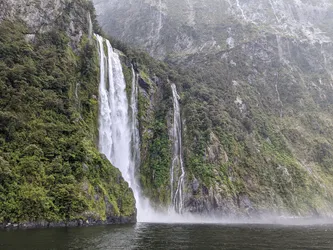 NZ2022_1842.jpg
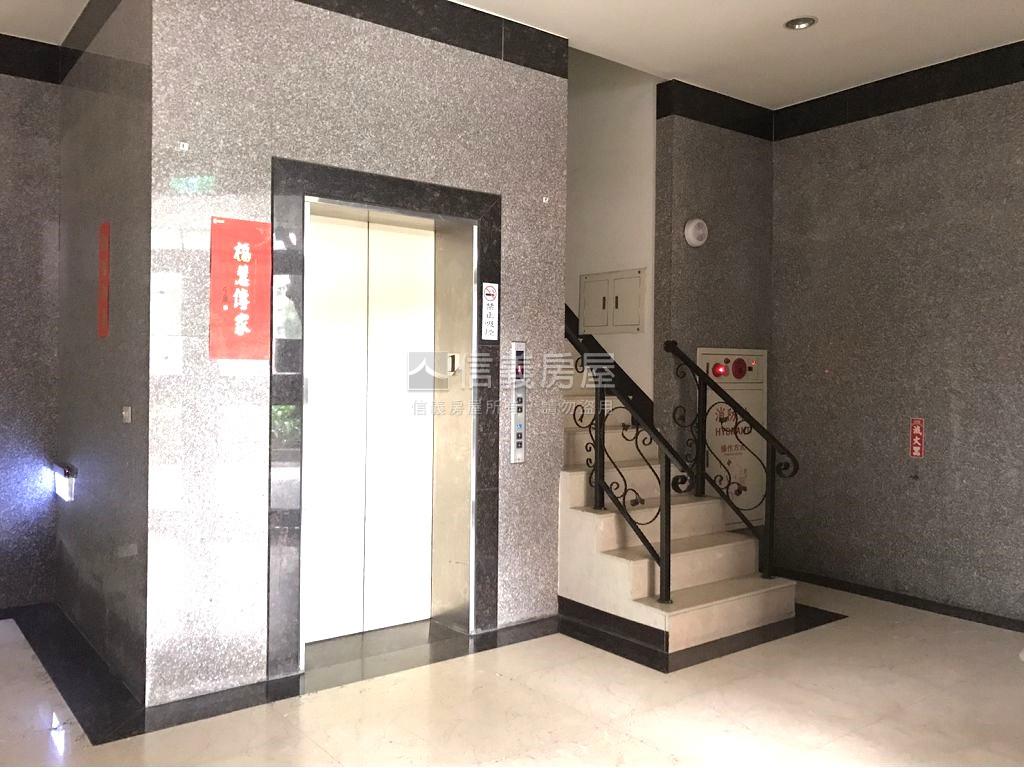 面校園景觀電梯一房房屋室內格局與周邊環境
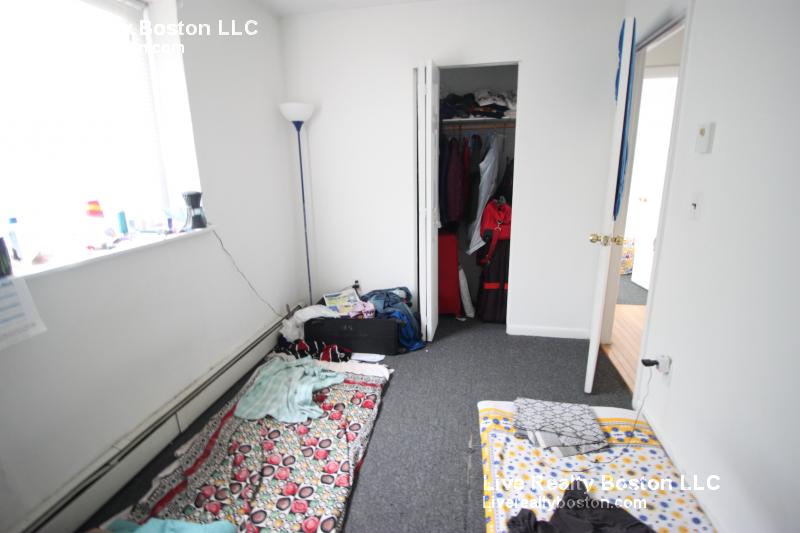 226 Parker Hill Ave, Mission Hill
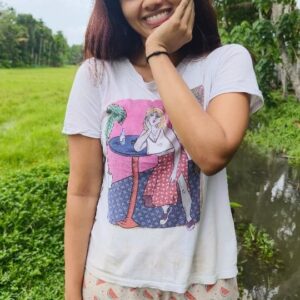 neerasethudas Instagram - This is not a no makeup version...this is athukkum mele... without kulikall and pallutheppu 😁and straight from sleep .. then I met a baby turtle...Ok bye😅

#newhome #newplace #babyturtle #smallsurprises #surprise #instapet #neerajasdas #neerasethudas #malayalamactress #southindianactress #artsandentertainment #naturalreels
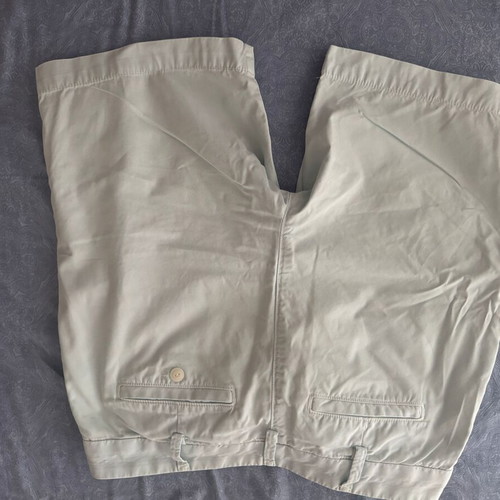 Save Khaki United chino shorts size 30 like new, light khaki
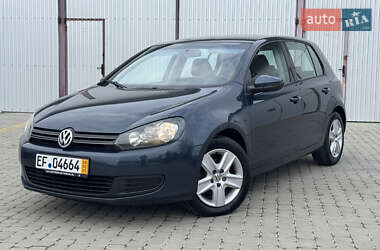 Хэтчбек Volkswagen Golf 2010 в Коломые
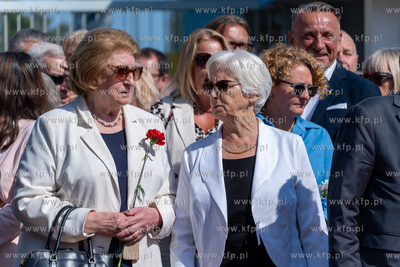 Gdańsk. Plac Solidarności. Symboliczne otwarcie bramy...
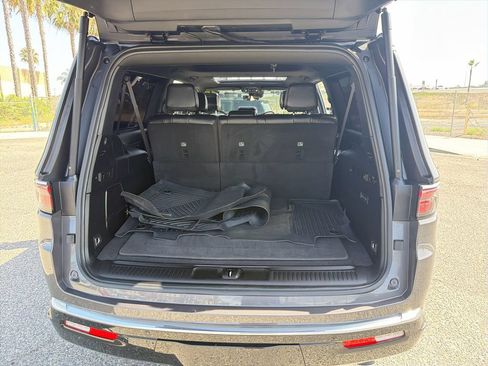 Used 2024 Jeep Wagoneer L 2WD w/ Premium Group I image 21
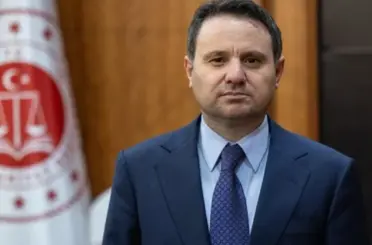 Bakan Gürlek'ten AHBAP Soruşturması Mesajı: "Toplanan Her Bağışın Hesabı Verilebilmelidir"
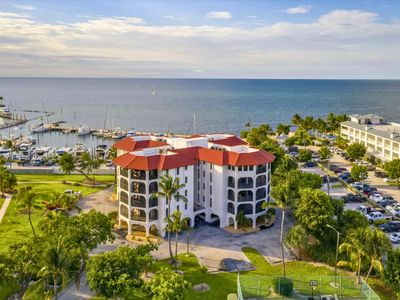 2000 Overseas Hwy APT 4G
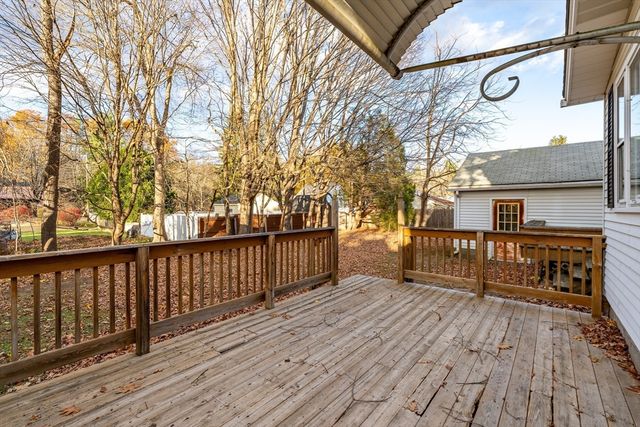 33 Howard Ave, Easthampton, MA 01027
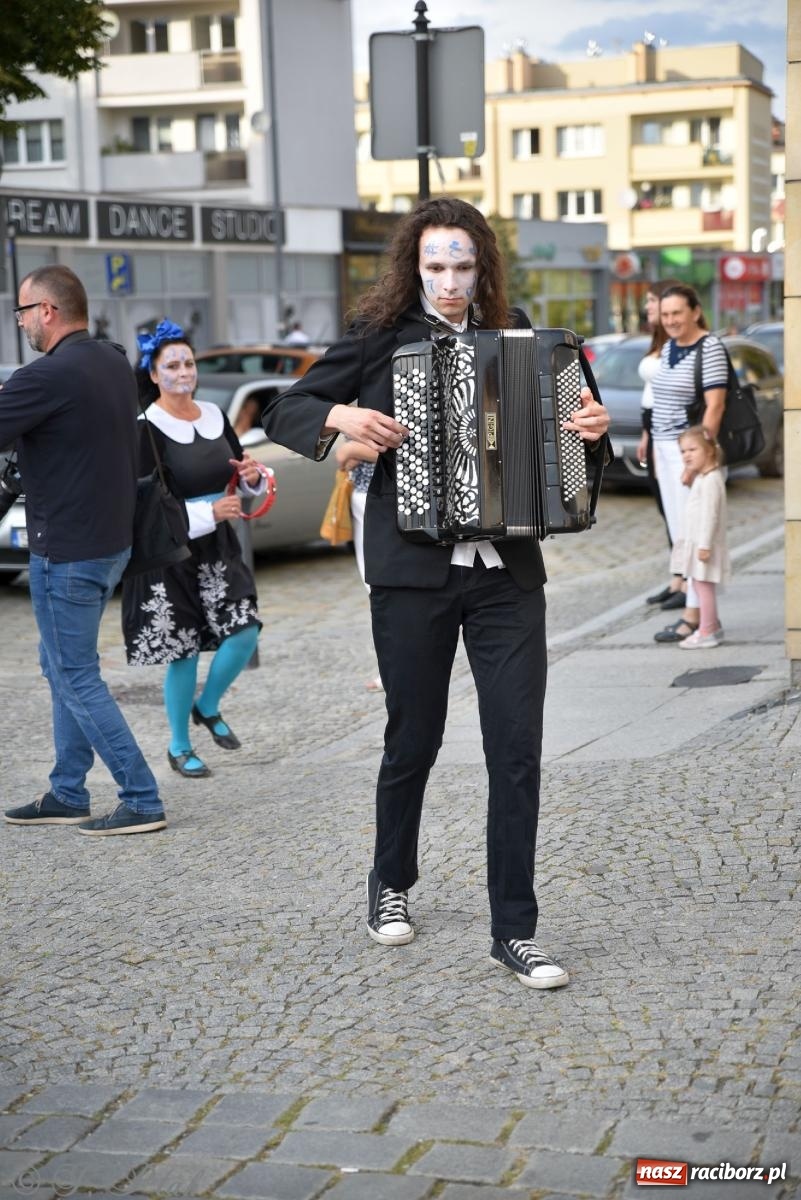 Zdjęcie w galerii na portalu naszraciborz.pl: Zmysły - wędrowny kabaret liryczny A3 Teatr w Raciborzu [FOTO i WIDEO] wiadomości z regionu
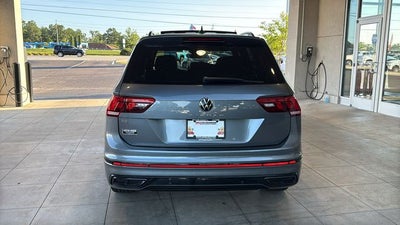 2022 Volkswagen Tiguan 2.0T SE R-Line Black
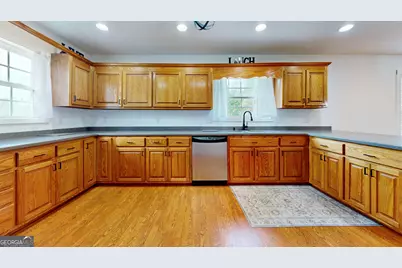 4525 Oakview Road, Waycross, GA 31503 - Photo 4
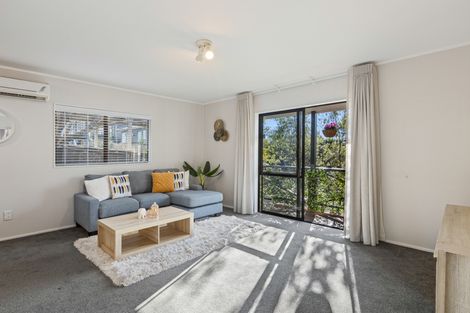 Photo of property in 3/39 Fairmount Road, Titirangi, Auckland, 0604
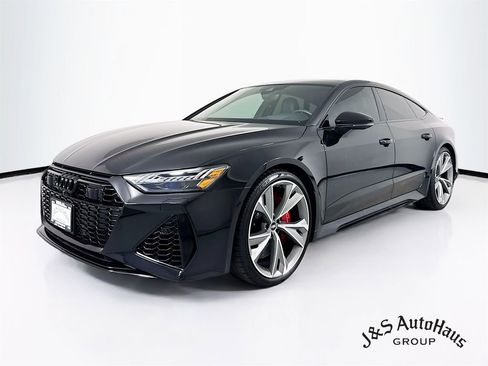 Used 2021 Audi RS 7 Sportback w/ Black Optic Package image 3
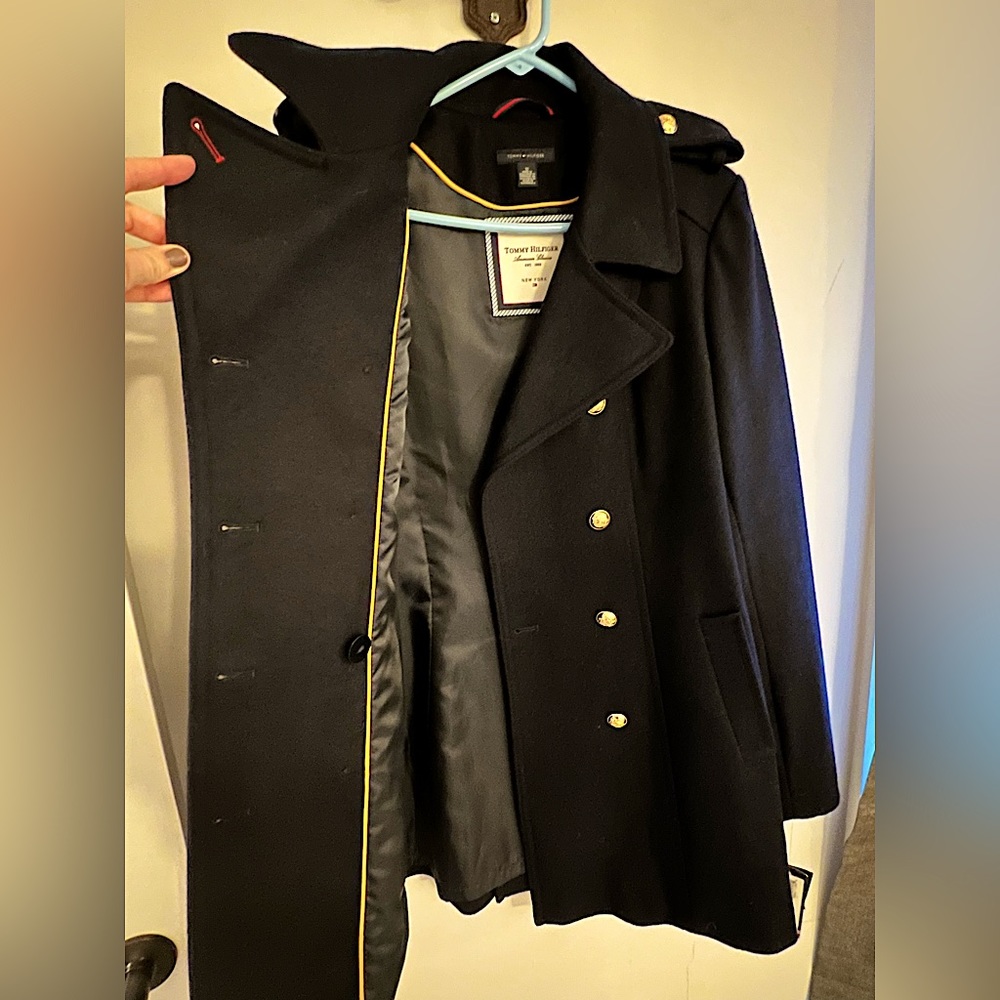 NWT Brand New Tommy Hilfiger Peacoat - color midnight   Gold decorative buttons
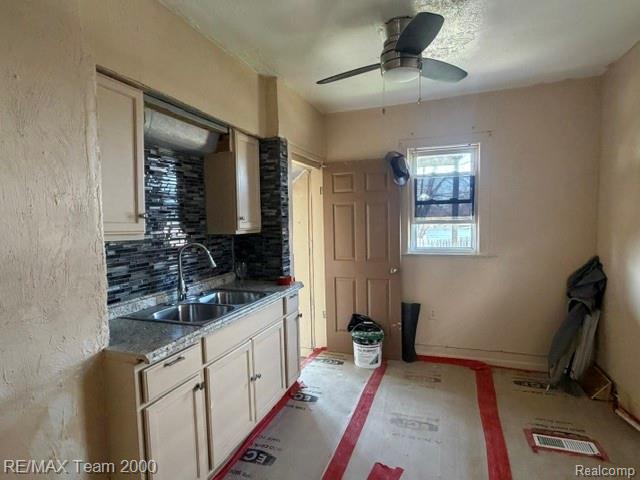 462 Campbell Street River Rouge, MI 48218 - Photo 7 of 17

----------------------------------------

▶ **Your instructions**: The lines to set down run from the line with "Used 2024 Jeep" up to and including the line with "Photo of property" in the entries above. Reproduce them exactly, with no pictures.

▶ **Answer section**:
 Used 2024 Jeep Wagoneer L 2WD w/ Premium Group I image 21
 Bakan Gürlek'ten AHBAP Soruşturması Mesajı: "Toplanan Her Bağışın Hesabı Verilebilmelidir"
 2000 Overseas Hwy APT 4G
 33 Howard Ave, Easthampton, MA 01027
 Zdjęcie w galerii na portalu naszraciborz.pl: Zmysły - wędrowny kabaret liryczny A3 Teatr w Raciborzu [FOTO i WIDEO] wiadomości z regionu
 2022 Volkswagen Tiguan 2.0T SE R-Line Black
 4525 Oakview Road, Waycross, GA 31503 - Photo 4
 Photo of property in 3/39 Fairmount Road, Titirangi, Auckland, 0604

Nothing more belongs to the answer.